I know my brain can do it, I just need to keep trying. But reminding myself of the brain’s plasticity doesn’t make it an easy journey. My plastic brain seems to want to resist. The new synapses I wanted have to wait for roadblocks to clear. I’m getting frustrated with my slow progress. Today I almost cried watching a training video.

The truth is, I’m not used to struggling. My brain has been on vacation for years, because I never saw the need to challenge it. At school, and even at University, I chose options which I knew I’d find easy. Back then I didn’t care if I had a plastic brain or not, I just didn’t want to devote the time and energy required for anything remotely tricky. Maybe because I didn’t have a life plan I thought I may as well take an easier path. Maybe it was the weight of expectation – or lack of it – making me think all I had to prepare for was a life as a housewife, or a low earner, whose cerebral limits would not be called upon. Whatever it was, I am now feeling the annoyance of having to really try.

So here I am, telling myself the same thing I tell my four-year-old when she says she can’t do something. “You have to practice. The more you practice the better you’ll get!”

Have you ever struggled to learn something? Got any tips on fighting negativity and beating your brain into submission? I know, I’m looking for a silver bullet again. An easy answer. But seriously, any tips….?

When I contemplate drastic change, I tend to consider it briefly, I don’t want to linger. I sweep my thoughts out of sight and try to think of something in the present. But that is only because I imagine bad changes. I’m scared of all the terrible things that could happen to me and those I love. What I hardly ever stop to contemplate, is a good change. And yet, why not? I call myself an optimist. I began this blog purely to show the upside of life with Asperger’s – surely, the actions of an optimist? I do not allow a gloomy outlook.

But it is hard to remain an optimist this year. Events here and abroad – I know I don’t need to name specifics – have given me real cause for fear. I have no doubt, millions of others are also doing their best, not to be weighed down by a sense of defeat or hopelessness.

But when we look away from our newsfeed, and remember our personal sphere, isn’t there a lot of good remaining?

Today I heard some surprising news. It could change my whole life. It could change many things I took for granted. But I am not afraid, only excited and hopeful. This news will make my future path more uncertain. It will cause me to worry. I am going to be challenged. I do not mind.

I am ready.

I can’t remember what made me think of it, but something reminded me yesterday of my university experience. Technically, I should say “experiences” because there were two; two universities and two very different experiences. My best analogy for that part of my life is that uni no.1 was like being in a chrysalis and uni no. 2 was the fun part where I got to be a sort of butterfly.
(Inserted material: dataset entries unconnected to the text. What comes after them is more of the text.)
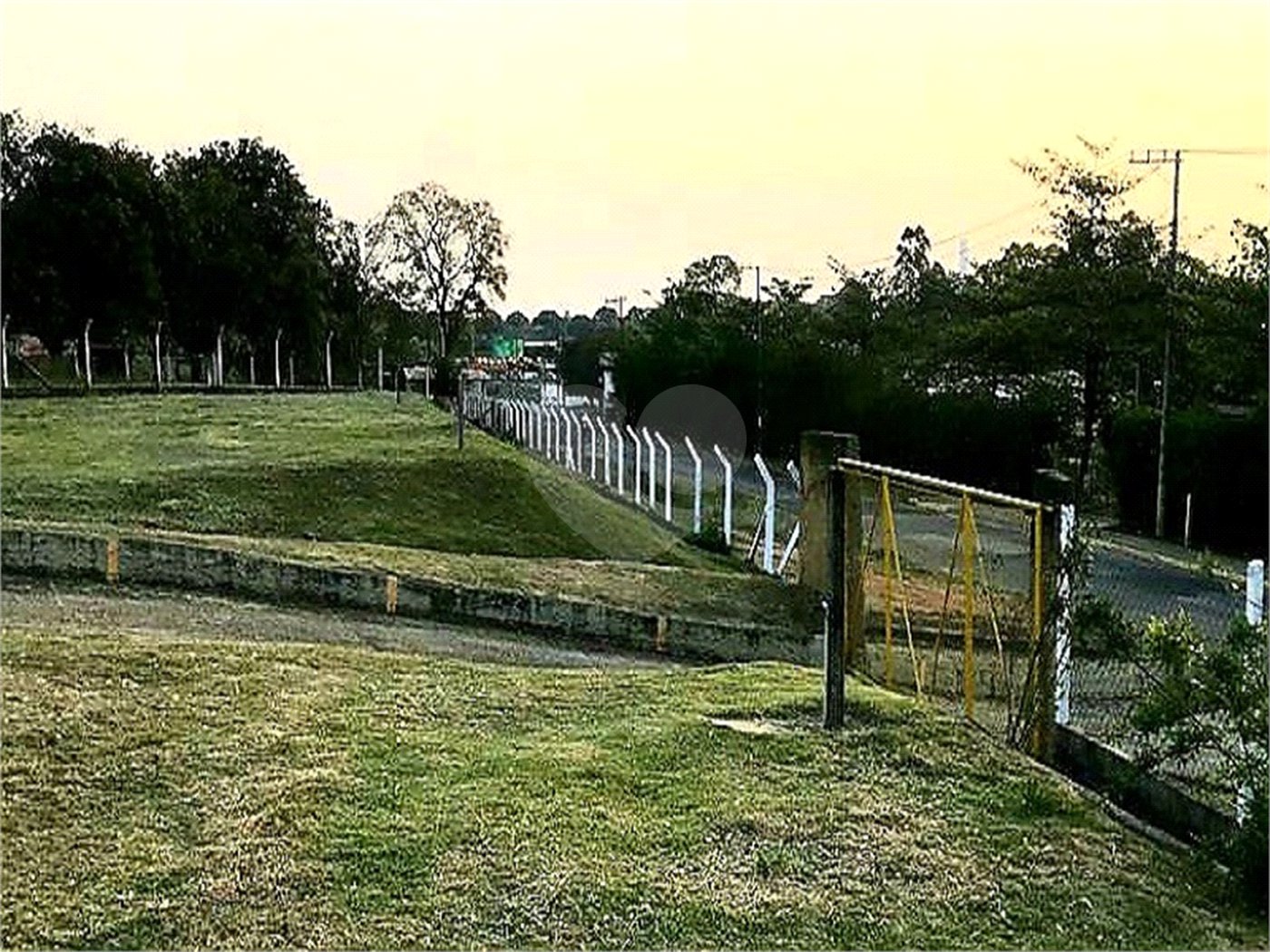 Terreno à venda ou para alugar em Parque Santa Isabel, Sorocaba, SP
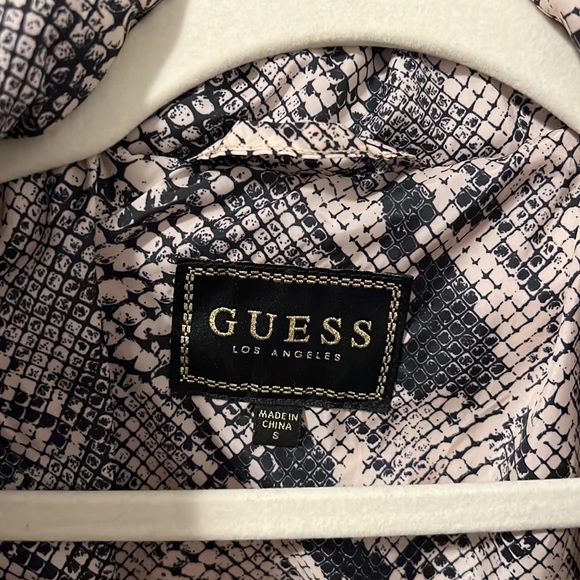 GUESS puffer jacket - Picture 7 of 15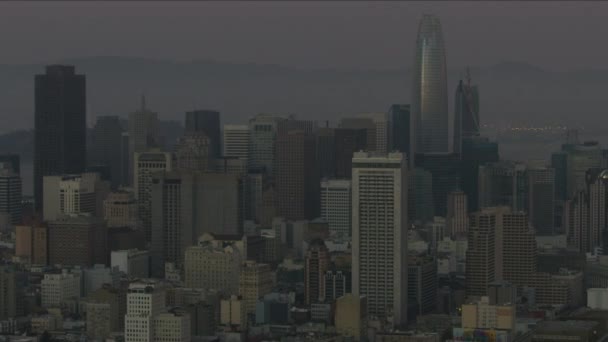 Salesforce 塔市の超高層ビル エンバカデロ金融ビジネス地区 サンフランシスコ湾橋カリフォルニア アメリカのサンフランシスコ 2017年 空中黄昏照らされたシティー ビュー — ストック動画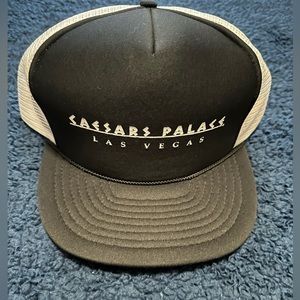 NWOT Caesar’s Palace mesh SnapBack Tucker Hat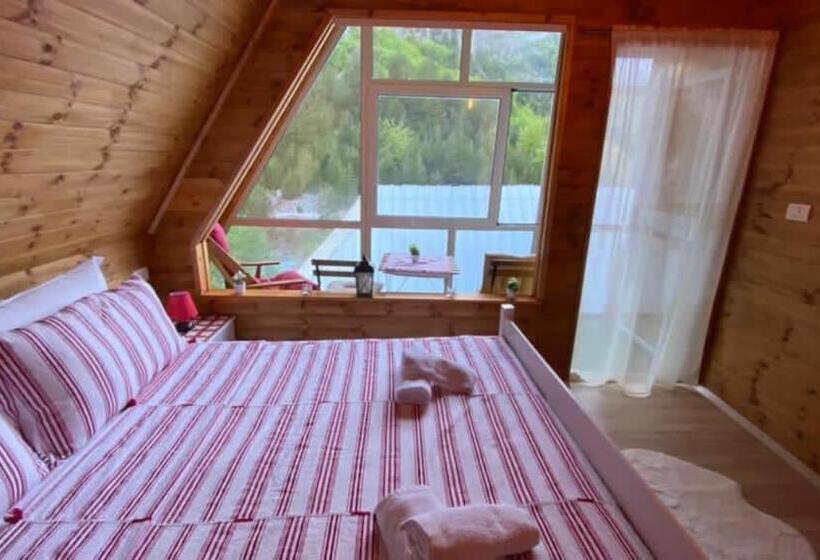 Bed and Breakfast Bujtina Miqesia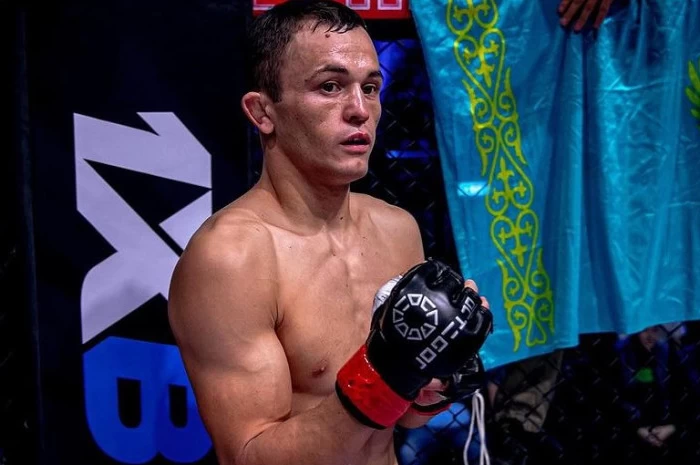 Еще один казахстанский боец подписал контракт с UFC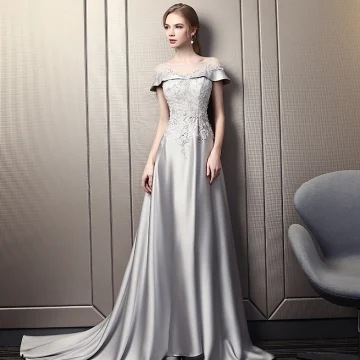 Modern Fashion Grey Evening Dresses 2018 Empire Square Neckline Short Sleeve Appliques Lace Sequins Beading Cathedral Train Ruffle Backless Formal Dresses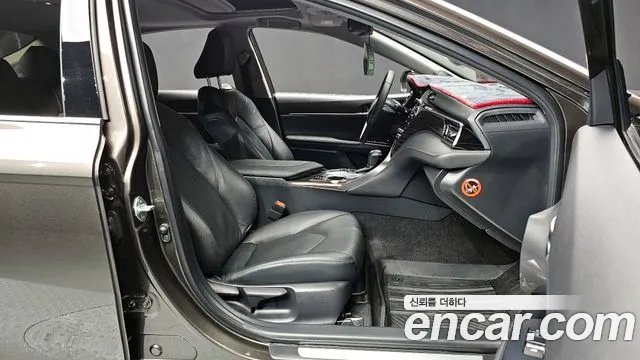 Toyota Camry 2019 — фото 10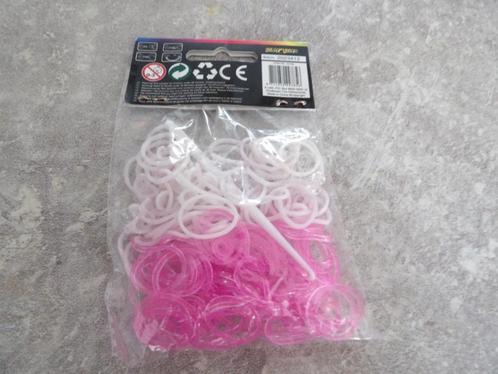 NIEUW 200 rose/witte glitter loom bandjes 5zakjes voor 10,00, Kinderen en Baby's, Speelgoed | Educatief en Creatief, Nieuw, Knutselen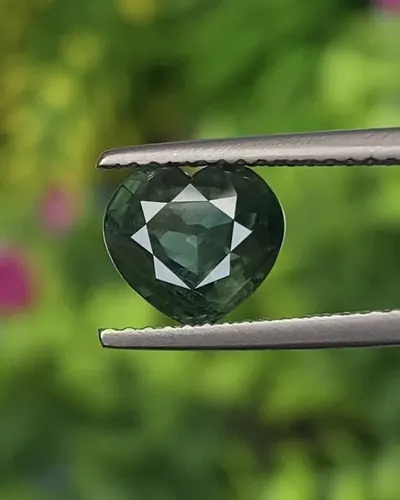 พลอย เขียวส่อง Green sapphire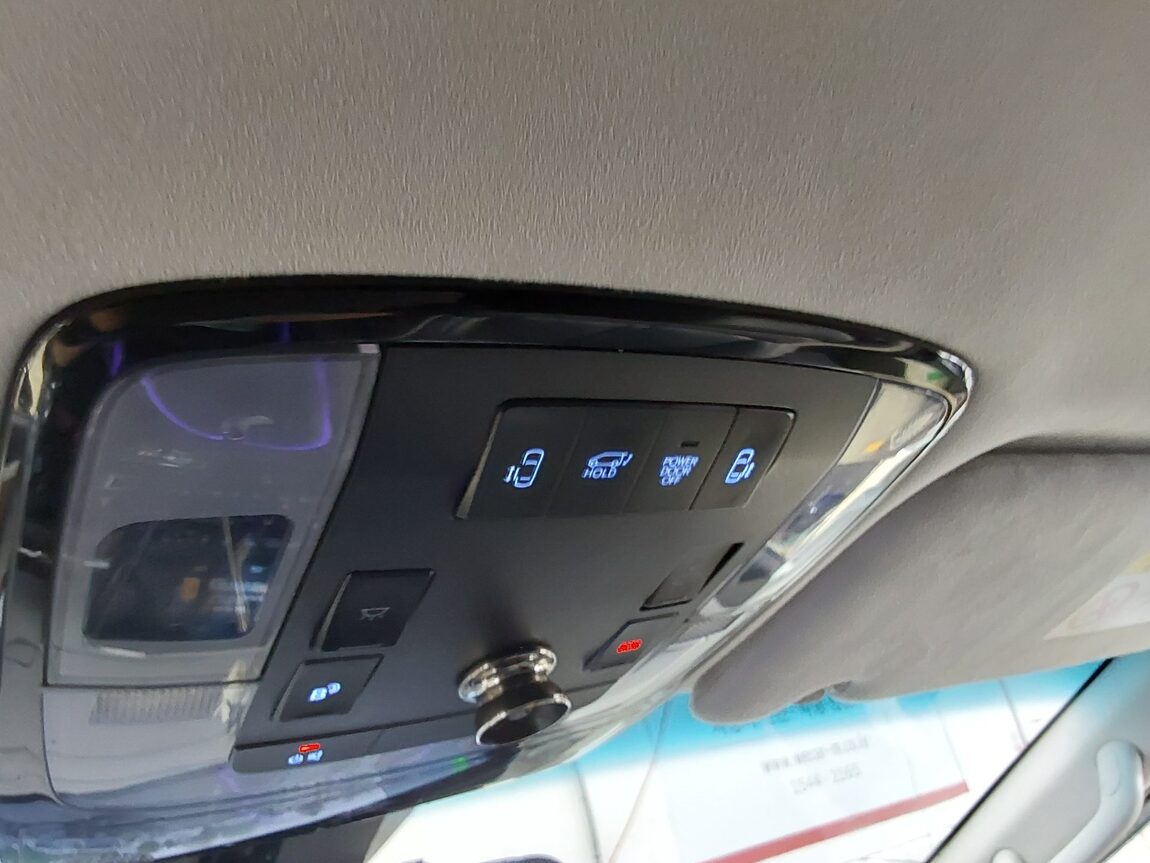 HYUNDAI STARIA 3.5 LPG LOUNGE 7-SEATER INSPIRATION 2022 - zdjęcie 20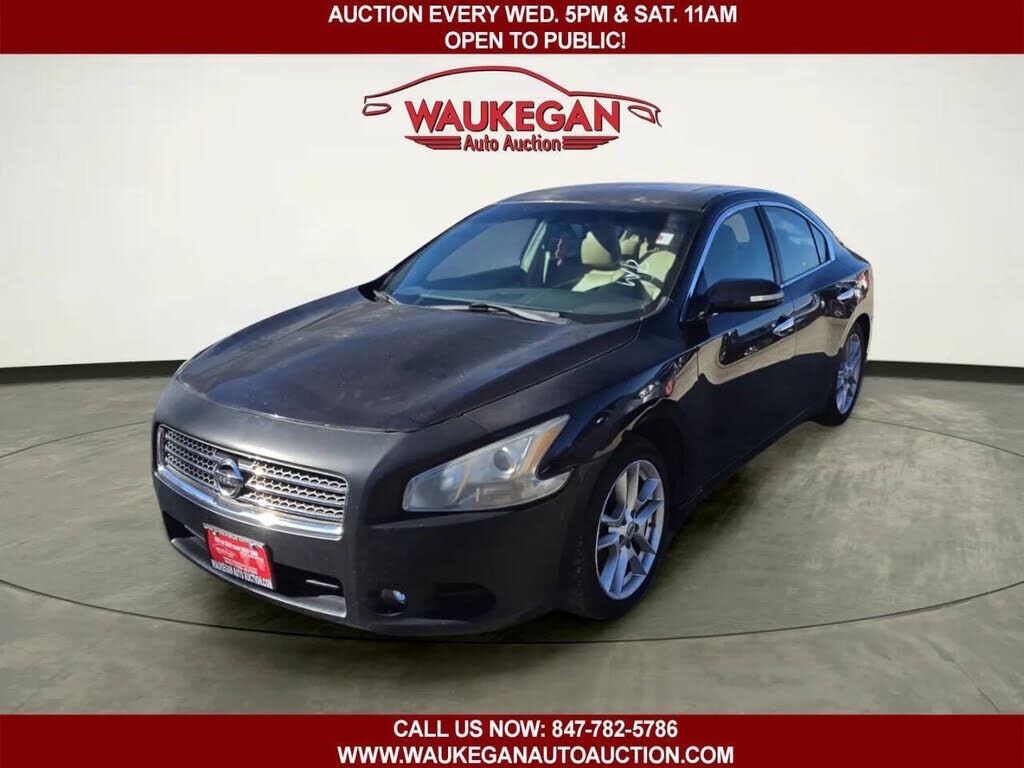 2010 NISSAN Maxima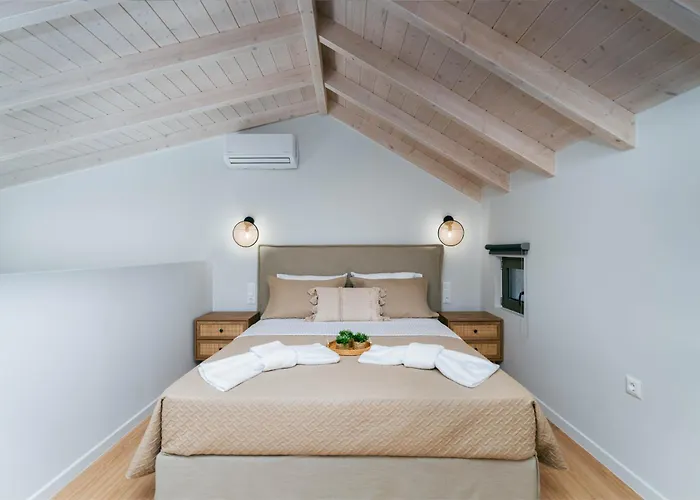 Yannis Retreat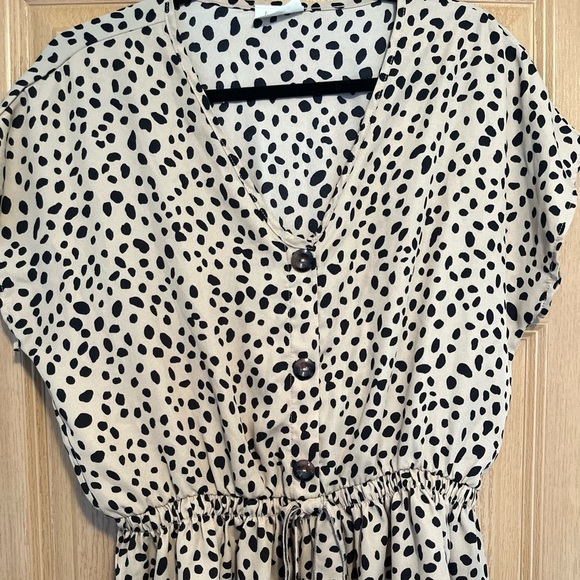 Free Kisses Black and White Polka Dot Top - Picture 4 of 8
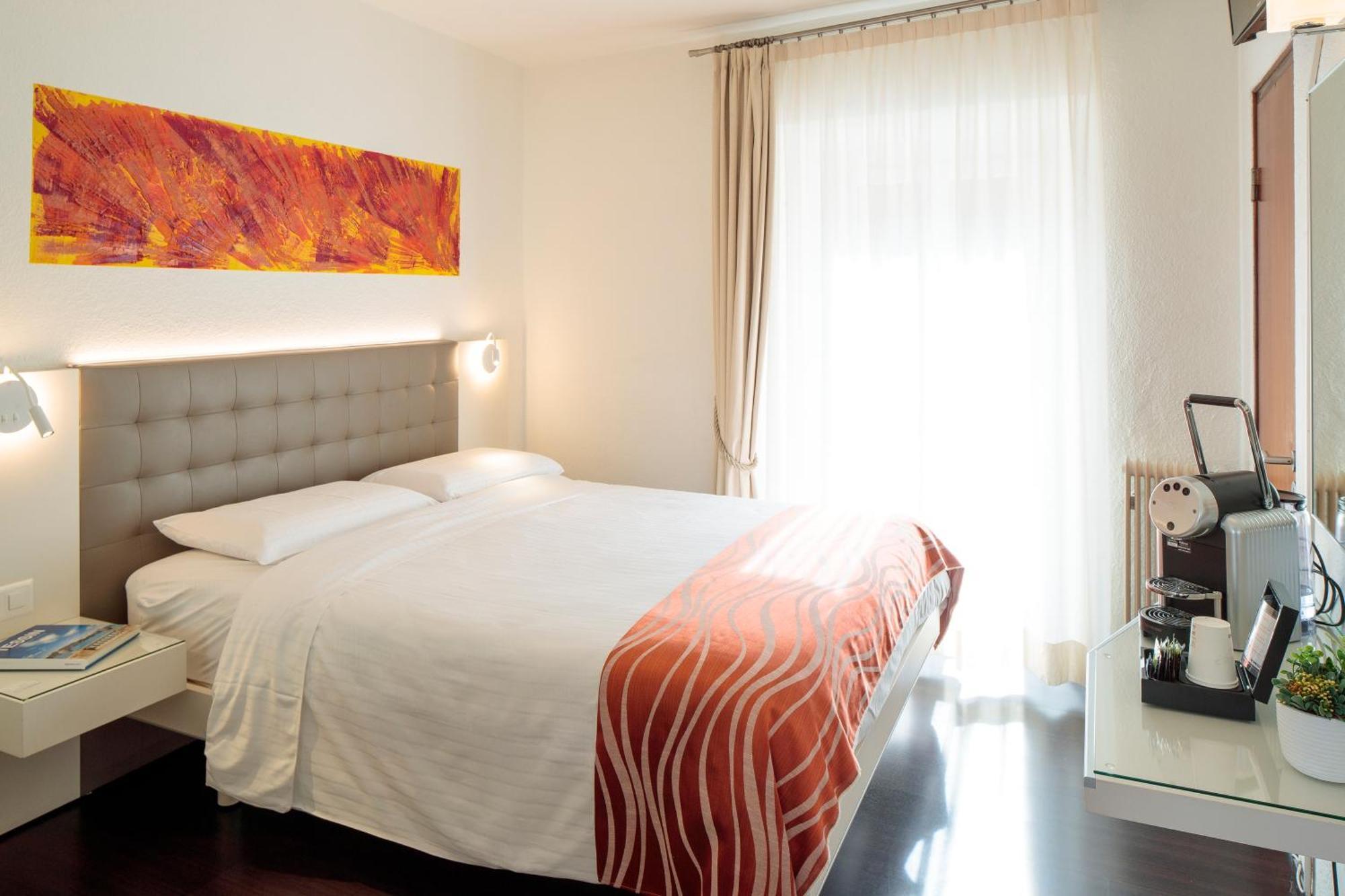Hotel America โลการ์โน ภายนอก รูปภาพ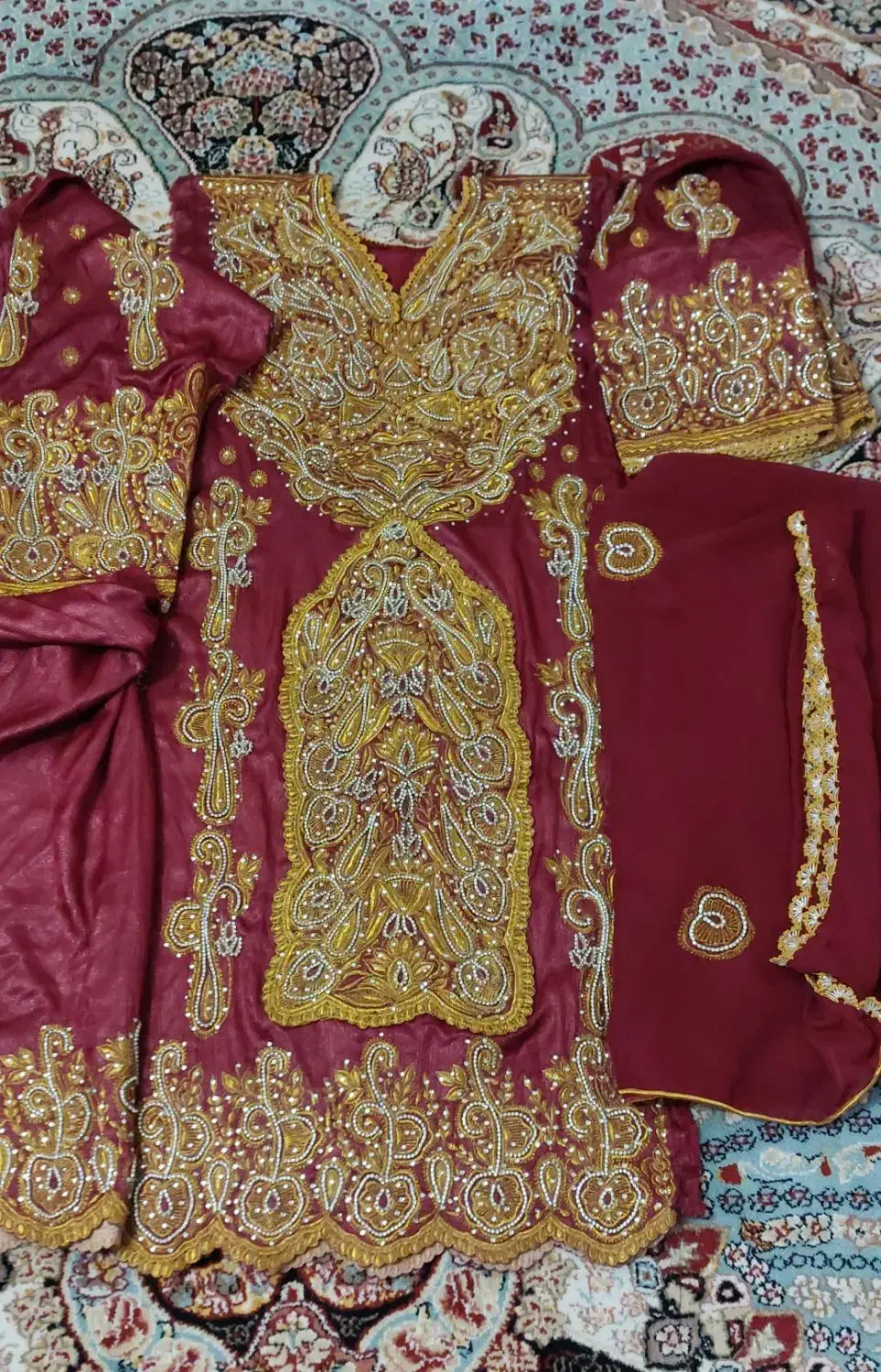 لباس مشینی|لباس|سراوان, |دیوار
Of course, it wasn’t quite that simple.

My three years as an undergraduate had taught me that I needed to change. I couldn’t spend every day of my life hiding from the world. I felt the need to do something drastic, to force a change in me. So, I went abroad to teach for a few weeks. When I returned, I knew I could do better than I had as an undergraduate. Buoyed up, I went to uni no. 2.

I didn’t really have a strategy. I just knew I’d have to do some very uncomfortable things to make my life better. At uni no. 1 I’d avoided the communal kitchen. I ate cold food in my room most days. I bought any dairy goods I wanted fresh each day so that I wouldn’t bump into anybody by going to the fridge. I feared the kitchen because anyone could come in and then I’d have to try and talk to them, or, more likely, ignore them and wish the earth would swallow me whole. When I got to uni no. 2, with the advantage of a smaller shared flat, I decided I’d have to stake out the kitchen.

Staying in the kitchen that day was one of the most painful and difficult things I’ve ever had to do. I was there for most of the afternoon, and many hours in the evening, attempting to get to know my new flatmates. I was at civil war with my brain, wanting to leave, forcing myself to stay. If I had not stayed that first day, I would have lost my nerve. I would have made a bad first impression, and that would have made every other day so much harder. Sometimes you really do have to force a change.

Thanks to that risk I made friends that year, found love, and laid the foundations for a life that was so much better than I’d ever imagined possible. It did not make my life perfect, or easy, but it was the best thing I could have done for myself.

Since that time I’ve taken many social risks. I’ve done internet dating, ran a social media café (way too much socialising and stress!), been to house parties and work events, arranged dinner parties, attended job interviews, stayed with my husband’s uni friends and their children (millions of people in one house – aagh!), made all sorts of phone calls that I was scared about, attended and hosted playdates and children’s birthday parties (double aagh!)…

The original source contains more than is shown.